In order to undergo binning, manufactured products require testing, usually performed by machines in bulk. Binning allows large variances in performance to be condensed into a smaller number of marketed designations. This ensures coherency in the marketplace, with tiers of performance clearly delineated. The immediate result of this practice is that, for legal and reputational reasons, products sold under a certain designation must meet that designation at a minimum. Individual products may still exceed advertised performance. Different bins may even be assigned different model numbers and prices .

Agriculture

An everyday example of product binning occurs with agricultural products, such as fruits, nuts, and vegetables. The yield from a harvest may vary considerably in quality, from near-inedible to ideal photographic appearance. The produce is sorted into quality categories which may be based on nutrition and safety, but also often have criteria that are based on cosmetic appearance. The best quality items may be classified into categories such as "Choice" or "Grade A", and are sold at a premium price for table presentation and consumption.

Items that are less visually appealing or damaged may be binned for incorporation into frozen, dried, canned, or otherwise-processed foods. Consumers rarely see these lesser categories for sale in a raw, unprocessed condition.

Foods of even lower quality may be processed into pet food or animal feed, or composted into fertilizer.

Clothing and fashion

Gemstones

Semiconductor manufacturing

Background
Semiconductor manufacturing is an imprecise process, sometimes achieving as low as 30% yield. Defects in manufacturing are not always fatal, and in many cases it is possible to salvage part of a failed batch of integrated circuits by modifying performance characteristics. For example, by reducing the clock frequency or disabling non-critical parts that are defective, the parts can be sold at a lower price, fulfilling the needs of lower-end market segments.

This practice occurs throughout the semiconductor industry on products such as CPUs, RAM, and GPUs, SSDs.

In 2020, when Apple launched their new Apple silicon M1 chip, they offered parts with 8 GPU cores as well as 7 GPU cores, a result of binning parts that had shortcomings.
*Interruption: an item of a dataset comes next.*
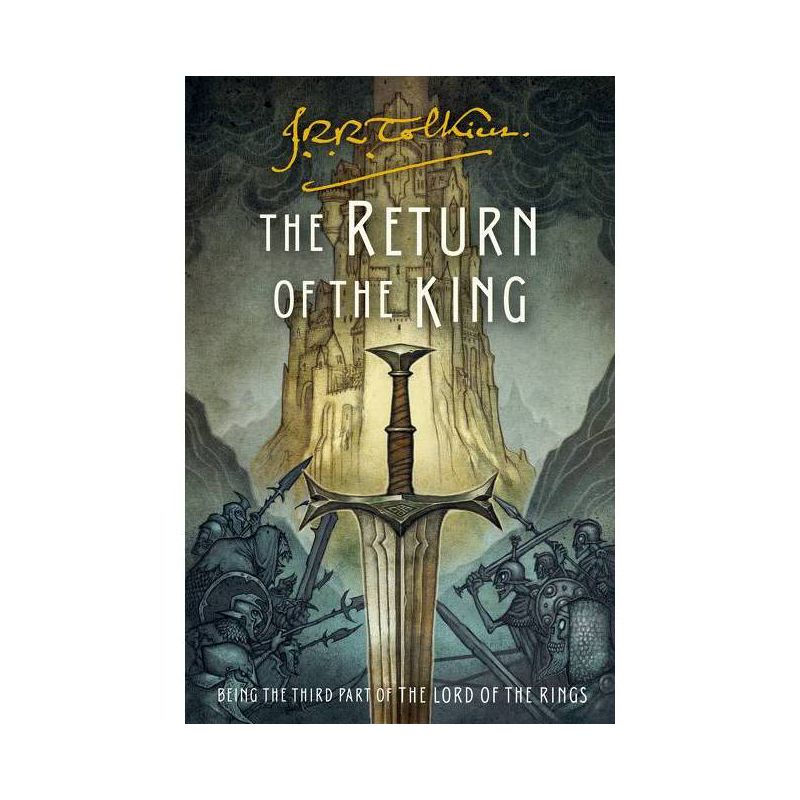 The Return of the King - (Lord of the Rings) by  J R R Tolkien (Paperback), 1 of 2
In 2021, when Apple launched their new Apple silicon A15 Bionic chip, they similarly gave a 5-core GPU to the iPhone 13 Pro and iPad mini 6 and a (binned) 4-core GPU to the iPhone 13.

Speed bump
A speed bump, in computer terms, is a slight increase in frequency (e.g., from 1.8 to 1.9 GHz) or a slight increase in functionality (e.g. Intel Core i7-8700K to i7-8086K). Some time after the initial release of a product, manufacturers may choose to increase the clock frequency of an integrated circuit for a variety of reasons, ranging from improved yields to more conservative speed ratings (e.g., actual power consumption lower than TDP). These models are binned as different product chipsets, which places the product into separate virtual bins in which manufacturers can designate them into lower-end chipsets with different performance characteristics.

Testing
Finished products enter a machine that can test hundreds of pieces at a time, taking only a few hours to complete. Each piece can be tested to determine its highest stable clock frequency and accompanying voltage and temperature while running.

Overclocking and core unlocking

Overclocking
Overclocking is the increase of clock speed beyond the manufacturer's maximum rated clockspeed. Since manufacturers are only required to meet the minimum advertised specifications, the potential for overclocking of a product is not typically tested during the binning process. Therefore, it should not be assumed that higher-rated products will overclock better than lower-rated ones.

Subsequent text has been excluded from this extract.